The literal text applies to your house and your person. You can make certain
analogies from there, but even paper mail is a bit of a stretch (it was found
to be protected because the Constitution creates the postal service). For
example, one analogy might be: if I go everyday to the local news stand, the
4th amendment doesn't prevent the government from asking the news guy what
magazines I look at without a warrant. So why should the government need a
warrant to ask Google what things I search for on their service? I'm not
saying that its the right analogy, but rather that people who say "oh the 4th
amendment obviously covers information online" are starting from the result
they want and working backwards.

The problem is two-fold. First, there is no general right to privacy in the
Constitution. Privacy is a pretty modern concept. People in the 1700's had
very little privacy even in the physical sense.[1] What the 4th amendment
protects is a narrower right: the sanctity of your home and personal effects
and freedom from physical government harassment.

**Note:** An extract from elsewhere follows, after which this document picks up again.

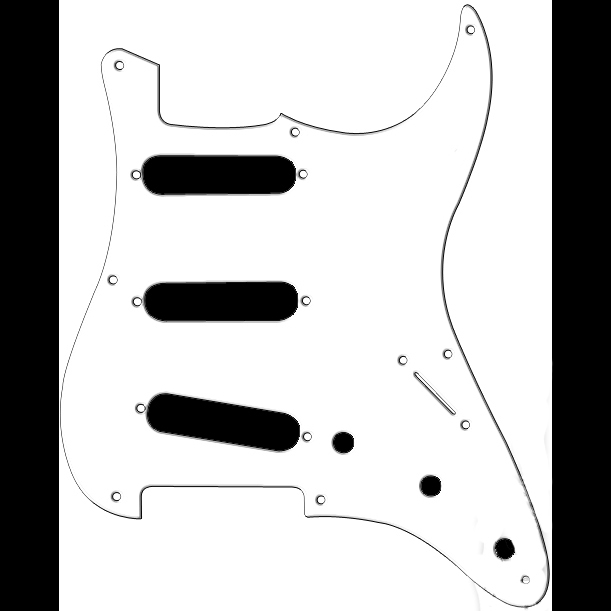 Stratocaster 8 - Hole White Single ply Pickguard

Second, we don't have a well-
defined idea of privacy even today. Why should the Constitution protect
information I freely give my credit card company, Google, Facebook, etc, with
the knowledge they use that information to sell me crap. Why should the
Constitution protect information third parties collect about me from their own
observations? There might be good reasons to institute those protections, but
we don't have a well-defined idea right now where the lines should be drawn.

[1] There is an interesting documentary I saw once about how hallways are a
pretty modern concept that arose contemporaneously with ideas of personal
space. In houses from the 1600's you'd through bedrooms to get to other parts
of the house--the expectation of private space was just a lot less.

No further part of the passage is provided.